Threading Together Conversations

As a first attempt at threading conversations, you might start with some basic string heuristics on the Subject header of the message and eventually get to the point where you’re inspecting senders, recipients, and date stamps in an attempt to piece things together. Fortunately, mail servers are slightly more sophisticated than you might think and, as you know from mbox: The Quick and Dirty on Unix Mailboxes, there are Message-ID, In-Reply-To, and References headers that can be used to extract conversations from messages in a mailbox. A message threading algorithm commonly known as “jwz threading,”[20] takes all of this into account and provides a reasonable approach to parsing out message threads. All of the specifics for the algorithm can be found online at http://www.jwz.org/doc/threading.html. The implementation we’ll be using is a fairly straightforward modification[21] of the one found in the Mail Trends project, which provides some other useful out-of-the-box tools. Given that no checkins for the project hosted on Google Code have occurred since early 2008, it’s unclear whether Mail Trends is being actively maintained anywhere, but the project nonetheless provides a useful starting point for mail analysis, as evidenced by the salvaging of jwz threading.

Let’s go ahead and take a look at the overall workflow in Example 3-14, and then we’ll dive into a few more of the details.

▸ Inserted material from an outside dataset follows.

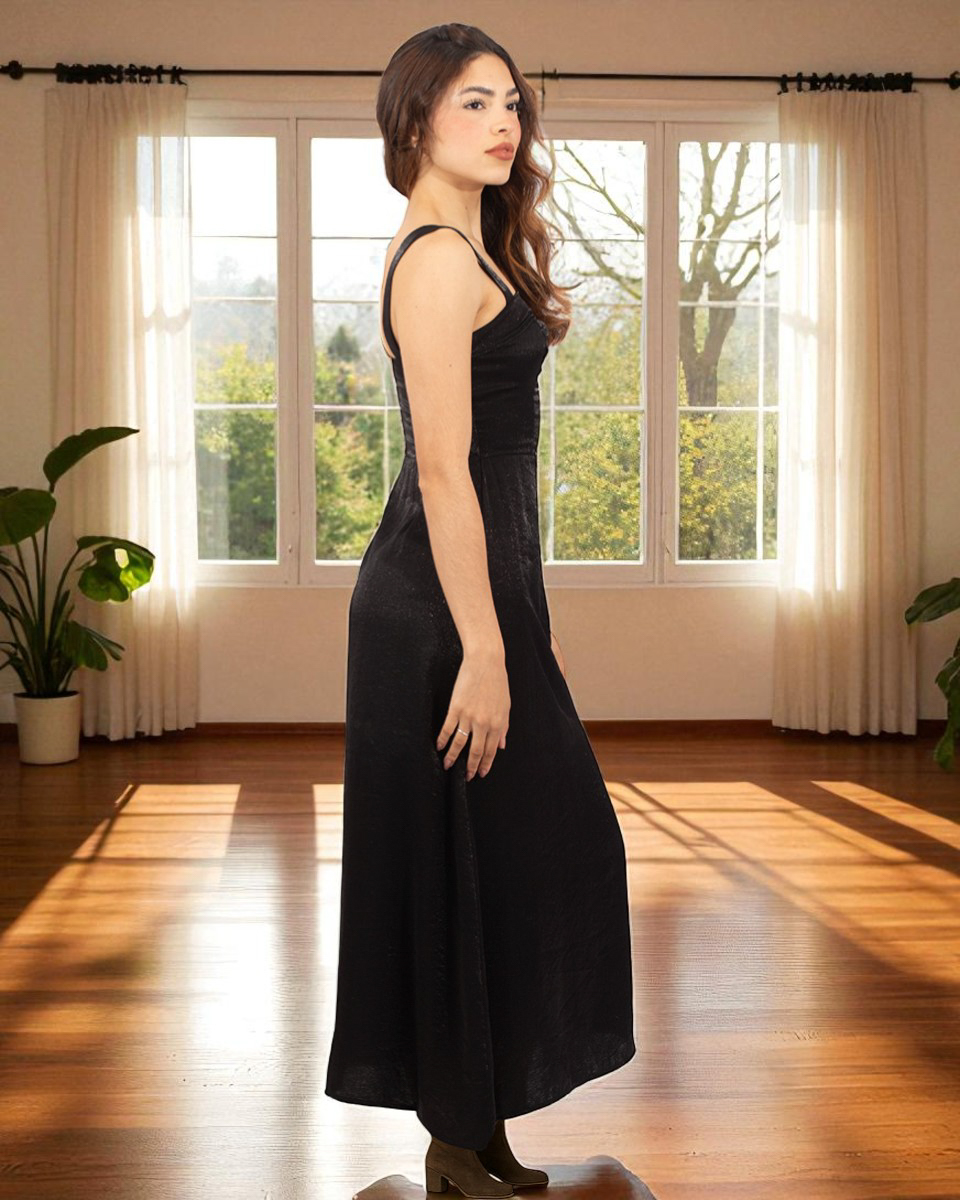 Fotografia de roupas profissional com modelo ambientada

Example 3-14. Creating discussion threads from mbox data via “jwz threading” (mailboxes_threading.py)

# -*- coding: utf-8 -*-

import sys
import couchdb
from mailboxes__jwzthreading import thread, Message
from mailboxes__CouchDBBulkReader import CouchDBBulkReader
from datetime import datetime as dt
from prettytable import PrettyTable

try:
    import jsonlib2 as json
except:
    import json

DB = sys.argv[1]
NUM_PROC_THREADS = 3 # Recommendation: ~1 thread/core

# Pull the data as efficient as possible from CouchDB by using a thread
# pool to get as close as possible to being I/O bound.
# A single request to _all_docs works except that it CPU bound to a single core

now = dt.now()
print >> sys.stderr, 'Bulk reading from CouchDB...'
br = CouchDBBulkReader(DB, NUM_PROC_THREADS)
docs = br.read()
print >> sys.stderr, '	%s' % (dt.now() - now, )

now = dt.now()
print >> sys.stderr, 'Threading in Memory...'
threads = thread([Message(doc) for doc in docs])
print >> sys.stderr, '	%s' % (dt.now() - now, )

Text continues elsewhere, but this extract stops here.